LAB 3: Sampling Methods

 

In this lab, we will consider:

Recommended web links:
BC Resources Inventory sampling: Visit the BC Resources Inventory Committee sampling procedures for vegetation, estuaries, streams, etc.
 
New York City water: Learn about the NYC watershed protection and water sampling program.
 
Hanford Nuclear Reactor Site: Visit the environmental monitoring and sampling program by clicking on the Surveillance headings.
 
Sampling Distribution Applet: Explore the dynamic between samples and the sampling distribution of statistics.
 


 

What is SAMPLING?

Generally, geographers collect and analyze two different types of data: population data and sample data. A population is the complete set of objects (people, regions, rivers, households, fish, etc.) under study. If you collect information on all objects in the population, you would be conducting a census. However, it is often impossible to collect data for an entire population (exactly how many fish are there in a lake and how do you catch them all?).
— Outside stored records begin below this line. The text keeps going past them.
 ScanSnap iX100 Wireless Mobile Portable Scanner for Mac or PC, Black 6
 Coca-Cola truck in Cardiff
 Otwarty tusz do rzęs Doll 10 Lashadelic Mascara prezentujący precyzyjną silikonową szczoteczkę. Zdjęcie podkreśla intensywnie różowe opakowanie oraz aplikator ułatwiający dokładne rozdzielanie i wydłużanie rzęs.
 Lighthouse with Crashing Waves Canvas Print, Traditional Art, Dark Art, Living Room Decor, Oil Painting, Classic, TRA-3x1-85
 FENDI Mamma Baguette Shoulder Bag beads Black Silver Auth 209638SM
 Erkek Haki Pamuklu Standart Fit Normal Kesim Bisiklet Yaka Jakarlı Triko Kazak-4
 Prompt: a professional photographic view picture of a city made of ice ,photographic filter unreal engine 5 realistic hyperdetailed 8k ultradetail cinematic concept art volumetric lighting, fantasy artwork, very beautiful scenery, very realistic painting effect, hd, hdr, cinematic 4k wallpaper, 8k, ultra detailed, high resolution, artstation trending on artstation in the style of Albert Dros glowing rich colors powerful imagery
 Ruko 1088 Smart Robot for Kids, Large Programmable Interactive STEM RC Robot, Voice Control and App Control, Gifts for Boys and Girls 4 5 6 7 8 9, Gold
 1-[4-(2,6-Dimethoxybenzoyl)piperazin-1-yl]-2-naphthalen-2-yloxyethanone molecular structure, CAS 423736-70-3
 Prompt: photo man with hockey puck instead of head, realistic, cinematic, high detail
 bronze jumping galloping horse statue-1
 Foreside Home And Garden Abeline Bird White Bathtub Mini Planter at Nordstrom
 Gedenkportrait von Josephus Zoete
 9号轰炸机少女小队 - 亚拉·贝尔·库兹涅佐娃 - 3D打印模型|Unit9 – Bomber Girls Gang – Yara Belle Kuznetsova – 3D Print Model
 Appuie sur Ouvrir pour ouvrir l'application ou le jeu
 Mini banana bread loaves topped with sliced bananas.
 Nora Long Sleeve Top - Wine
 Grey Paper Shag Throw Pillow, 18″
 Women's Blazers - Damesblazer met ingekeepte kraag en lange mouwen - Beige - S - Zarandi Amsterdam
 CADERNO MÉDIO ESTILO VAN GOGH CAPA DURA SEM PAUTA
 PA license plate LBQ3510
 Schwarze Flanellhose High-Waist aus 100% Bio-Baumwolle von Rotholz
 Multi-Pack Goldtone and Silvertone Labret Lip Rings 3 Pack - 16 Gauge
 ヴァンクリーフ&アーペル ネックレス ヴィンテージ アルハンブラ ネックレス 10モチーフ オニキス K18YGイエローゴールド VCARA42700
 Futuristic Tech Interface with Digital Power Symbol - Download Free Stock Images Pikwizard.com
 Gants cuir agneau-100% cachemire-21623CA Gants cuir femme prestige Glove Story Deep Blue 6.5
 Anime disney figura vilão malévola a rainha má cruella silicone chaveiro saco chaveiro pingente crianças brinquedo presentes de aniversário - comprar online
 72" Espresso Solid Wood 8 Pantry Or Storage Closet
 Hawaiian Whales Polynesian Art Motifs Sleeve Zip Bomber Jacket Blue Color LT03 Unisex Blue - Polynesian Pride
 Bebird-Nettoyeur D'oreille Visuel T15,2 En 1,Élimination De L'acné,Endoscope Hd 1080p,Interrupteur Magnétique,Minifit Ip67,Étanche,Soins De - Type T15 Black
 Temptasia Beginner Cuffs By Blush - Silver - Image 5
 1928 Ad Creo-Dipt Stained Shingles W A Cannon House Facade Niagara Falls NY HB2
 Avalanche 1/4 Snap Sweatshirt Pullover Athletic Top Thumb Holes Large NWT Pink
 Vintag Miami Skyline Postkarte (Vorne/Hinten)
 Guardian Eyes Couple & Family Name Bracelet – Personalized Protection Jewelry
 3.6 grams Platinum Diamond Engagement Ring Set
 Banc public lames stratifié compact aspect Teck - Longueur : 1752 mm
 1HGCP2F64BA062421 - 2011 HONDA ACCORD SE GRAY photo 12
In these cases, researchers rely upon samples, which are subsets of the population.

Assuming that a sample is representative of the population, analysts can use information obtained from the sample to make inferences about the values of particular characteristics in the population. The reliability of the inferences, however, closely depends on how well the sample data have been collected.

THE RESEARCH PROCESS...

To some people, the word research is synonymous with collecting data. While data collection is certainly an important part of conducting research, it is not the sole activity. Before you rush off to collect data (which is often the most enjoyable part of doing research), you need to spend some time thinking about how the issue/process/phenomenon that you wish to investigate relates to various statistical considerations. For starters:

Once you have defined your research framework, you will have a better idea of which sampling and analysis methods to use. Remember, good planning at the beginning will make all the difference between high quality research and a mess. This lab will focus on the sampling phase of the research process.


 

Steps in the Sampling Process

1. Define the Target Population:
The target population is the complete set of individuals from which you want to collect information. This definition is usually established at the conceptual level.

2. Define the Sample Population:
The sample population is a practical or operational definition of the target population. Your target population includes all individuals you want to study, but the sample population establishes a list of exactly who you will study. Defining your sample population is often challenging because there is rarely a list that contains all individuals in your target population.

Ideally, you want your sample population to contain all individuals in your target population. If not, you may introduce bias or error into your sampling. How much bias may be introduced if you exclude people without telephones? Perhaps a little, perhaps a lot... it may depend on your population and the question(s) you are asking.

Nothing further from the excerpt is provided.